2007-08-01 20:45:53

by Miklos Szeredi

[permalink] [raw]
Subject: kupdate weirdness

The following strange behavior can be observed:

1. large file is written
2. after 30 seconds, nr_dirty goes down by 1024
3. then for some time (< 30 sec) nothing happens (disk idle)
4. then nr_dirty again goes down by 1024
5. repeat from 3. until whole file is written

So basically a 4Mbyte chunk of the file is written every 30 seconds.
I'm quite sure this is not the intended behavior.

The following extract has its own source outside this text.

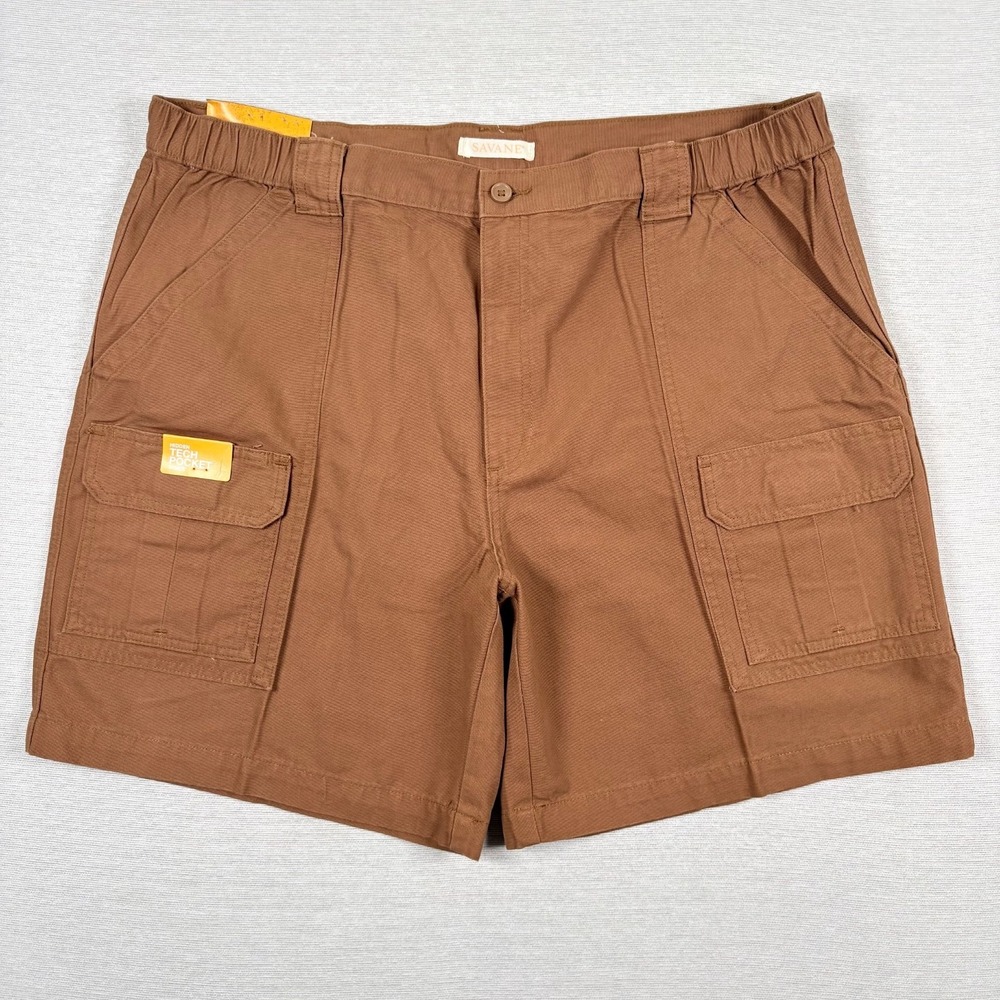 Savane Hiking Cargo Shorts Mens Size 40 Toffee Cotton NEW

The reason seems to be that __sync_single_inode() will move the
partially written inode from s_io onto s_dirty, and sync_sb_inode()
will not splice it back onto s_io until the rest of the inodes on s_io
has been processed.

Since there will probably be a recently dirtied inode on s_io, this
will take some of time, but always less than 30 sec.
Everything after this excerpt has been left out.